--- DATA IN THIS EXERCISE ---

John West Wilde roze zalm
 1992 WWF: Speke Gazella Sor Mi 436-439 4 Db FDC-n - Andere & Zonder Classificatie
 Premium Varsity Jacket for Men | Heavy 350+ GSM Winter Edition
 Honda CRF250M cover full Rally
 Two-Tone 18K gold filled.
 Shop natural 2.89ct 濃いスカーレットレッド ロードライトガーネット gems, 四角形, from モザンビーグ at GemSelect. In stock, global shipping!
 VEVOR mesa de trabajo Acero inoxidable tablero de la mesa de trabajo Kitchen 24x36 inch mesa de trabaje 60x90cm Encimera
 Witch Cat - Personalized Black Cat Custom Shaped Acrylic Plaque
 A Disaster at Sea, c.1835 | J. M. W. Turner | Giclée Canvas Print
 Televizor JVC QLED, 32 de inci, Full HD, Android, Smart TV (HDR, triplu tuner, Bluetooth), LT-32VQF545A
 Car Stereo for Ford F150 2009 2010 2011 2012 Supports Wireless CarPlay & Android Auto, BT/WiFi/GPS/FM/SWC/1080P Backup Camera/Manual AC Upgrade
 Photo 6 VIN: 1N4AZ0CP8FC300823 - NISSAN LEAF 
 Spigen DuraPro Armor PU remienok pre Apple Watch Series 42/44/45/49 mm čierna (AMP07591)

---

_ABOUT THIS EXERCISE_
Pull each line containing the word "Android" out of the data above.

_SOLUTION TO THIS PROBLEM_
 Televizor JVC QLED, 32 de inci, Full HD, Android, Smart TV (HDR, triplu tuner, Bluetooth), LT-32VQF545A
 Car Stereo for Ford F150 2009 2010 2011 2012 Supports Wireless CarPlay & Android Auto, BT/WiFi/GPS/FM/SWC/1080P Backup Camera/Manual AC Upgrade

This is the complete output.